24 En Gij hebt Uw volk Israel U bevestigd, U tot een volk, tot in eeuwigheid; en Gij, HEERE, zijt hun tot een God geworden.
25 Nu dan, HEERE God, doe dit woord, dat Gij over Uw knecht en over zijn huis gesproken hebt, bestaan tot in eeuwigheid, en doe, gelijk als Gij gesproken hebt.
26 En Uw Naam worde groot gemaakt tot in eeuwigheid, dat men zegge: De HEERE der heirscharen is God over Israel; en het huis van Uw knecht David zal bestendig zijn voor Uw aangezicht.
27 Want Gij, HEERE der heirscharen, Gij, God Israels! Gij hebt voor het oor Uws knechts geopenbaard, zeggende: Ik zal u een huis bouwen; daarom heeft Uw knecht in zijn hart gevonden, dit gebed tot U te bidden.

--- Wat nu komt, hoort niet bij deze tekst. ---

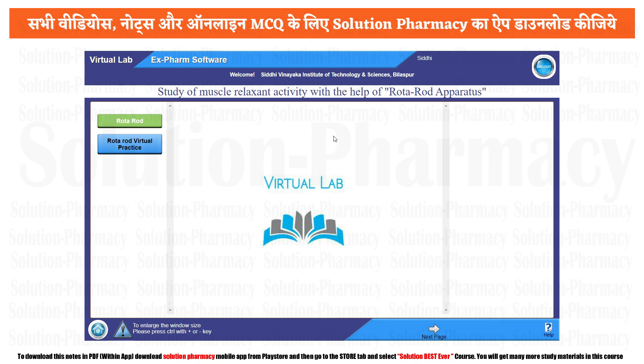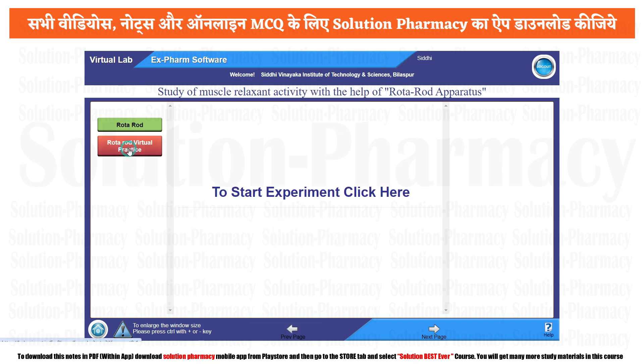The same principle can be applied to assess anti-anxiety activity of a given drug — this is a one experiment with dual use, like a buy one get one free offer. So let's start the practical by clicking on the procedure: Rotarod virtual practice.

28 Nu dan, Heere HEERE! Gij zijt die God, en Uw woorden zullen waarheid zijn, en Gij hebt dit goede tot Uw knecht gesproken.
29 Zo believe het U nu, en zegen het huis van Uw knecht, dat het in eeuwigheid voor uw aangezicht zij; want Gij, Heere HEERE, hebt het gesproken, en met Uw zegen zal het huis van Uw knecht gezegend worden in eeuwigheid.